[Crawled caption data]
━━━━━━━━━━
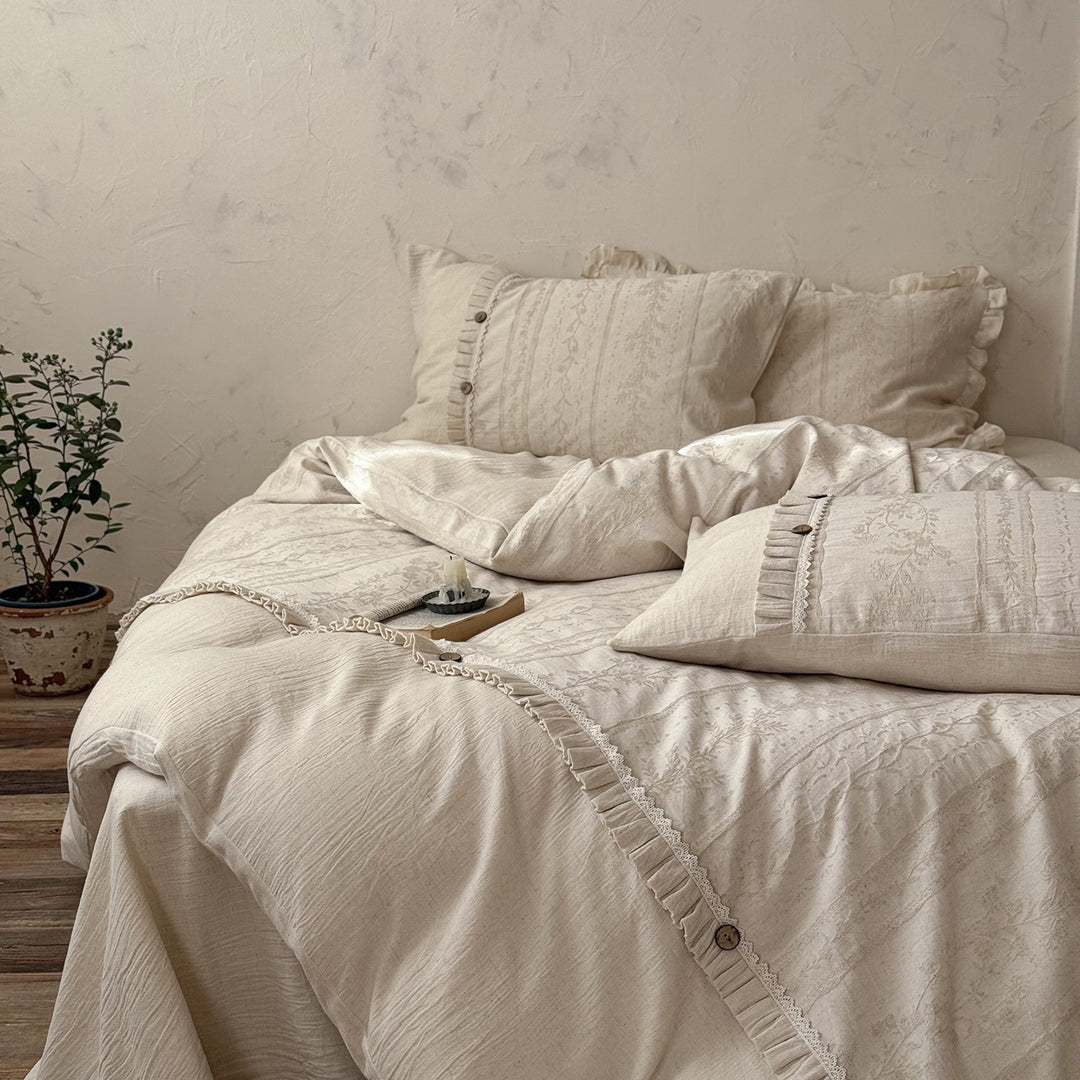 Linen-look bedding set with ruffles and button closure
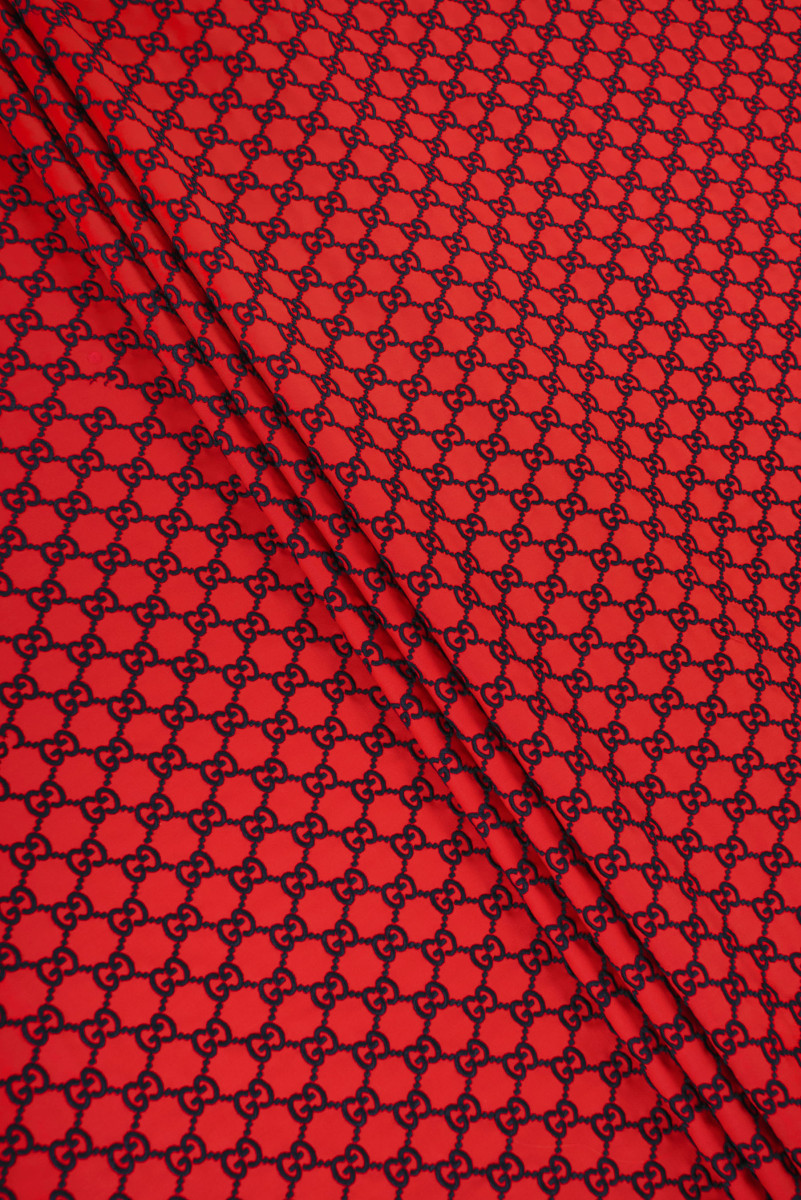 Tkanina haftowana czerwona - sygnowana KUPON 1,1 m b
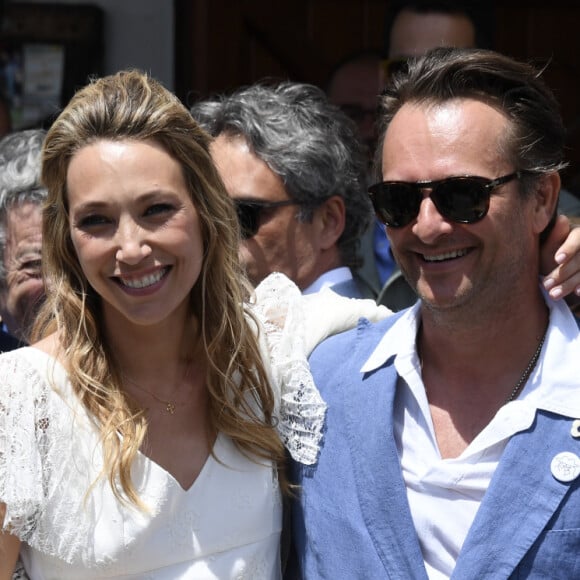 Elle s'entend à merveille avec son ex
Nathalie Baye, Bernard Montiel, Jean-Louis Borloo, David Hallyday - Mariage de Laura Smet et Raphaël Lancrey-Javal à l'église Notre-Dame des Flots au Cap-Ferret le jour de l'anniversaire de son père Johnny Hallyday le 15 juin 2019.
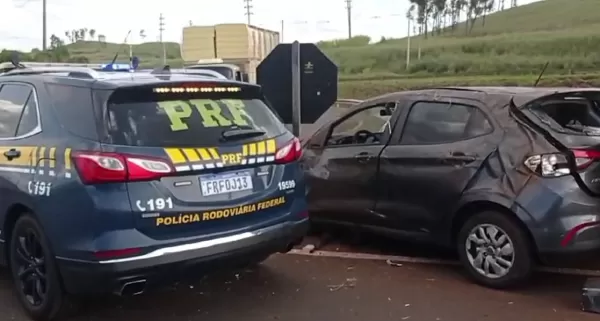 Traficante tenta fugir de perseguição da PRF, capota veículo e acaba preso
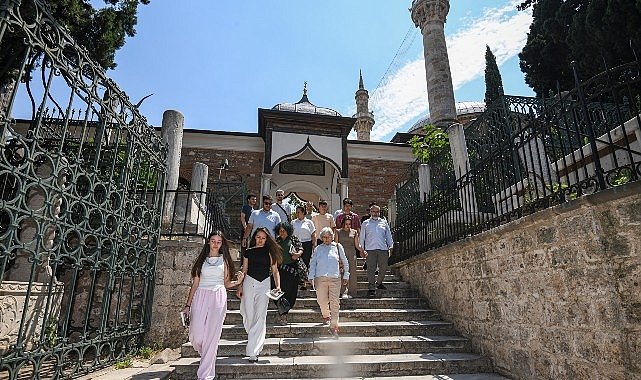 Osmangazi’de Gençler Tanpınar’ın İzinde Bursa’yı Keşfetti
━━━━━━━━━━
ACTIVITY = Set down the records again verbatim, with no pictures.

RESULT BELOW =
 Linen-look bedding set with ruffles and button closure
 Tkanina haftowana czerwona - sygnowana KUPON 1,1 m b
 Elle s'entend à merveille avec son ex
Nathalie Baye, Bernard Montiel, Jean-Louis Borloo, David Hallyday - Mariage de Laura Smet et Raphaël Lancrey-Javal à l'église Notre-Dame des Flots au Cap-Ferret le jour de l'anniversaire de son père Johnny Hallyday le 15 juin 2019.
 Traficante tenta fugir de perseguição da PRF, capota veículo e acaba preso
 Osmangazi’de Gençler Tanpınar’ın İzinde Bursa’yı Keşfetti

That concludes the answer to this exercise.